HALIFAX – A South Shore man made a surprising discovery on Wednesday morning when he found what is believed to be a meteorite in the bottom of his sock drawer. Experts believe it to be a fragment of a much larger meteorite that was found in the area after it crashed down from the sky years before.
Alan Thorndike, a retired postal worker from Bridgewater, said as soon as he recovered from the shock of finding the piece, he called the authorities immediately. Thorndike, who lives alone and has never been married, says he doesn’t know how the small space rock came to be among his foot garb, thirty years after it struck the earth.
The earlier event, which happened in 1987, was much talked about at the time because of the blinding streak across the night sky, the sonic boom, the subsequent explosion and bus-sized crater that it yielded. Roger Arneson, a scientist from Ottawa who headed up the investigation of the site back then, said that his team of meteoriticists removed a thirty-six pound meteorite from the crater.

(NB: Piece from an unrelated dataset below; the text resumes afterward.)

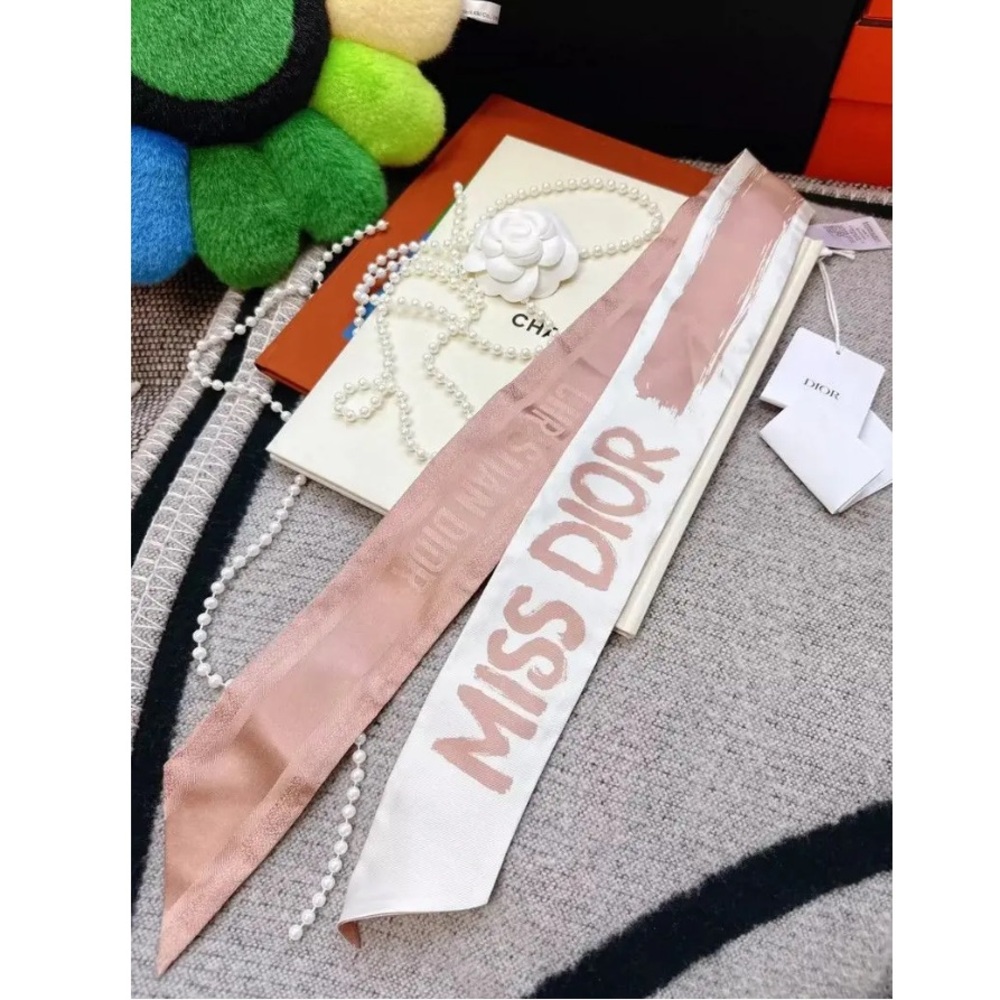 Dior Pink and White Logo Twilly Scarf-2506 - Picture 5 of 5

“There was one large chunk of mesosiderite there, and a few small bits of it around the edges” he said. “And we’re sure we got them all before we packed up and left. Also, no one could have gotten in and out of the site at the time because we had it sealed off as tight as a jar of dill pickles.”
Alan Thorndike said he recalled the 1987 event vividly.
“Oh sure, I remember it like yesterday. The thing blasted a big hole down there between Lunenburg and Mahone Bay. At first people around here thought it was a UFO. We even had the guys from NORAD snooping around.”
He also had a possible explanation for the strange find in his house this week.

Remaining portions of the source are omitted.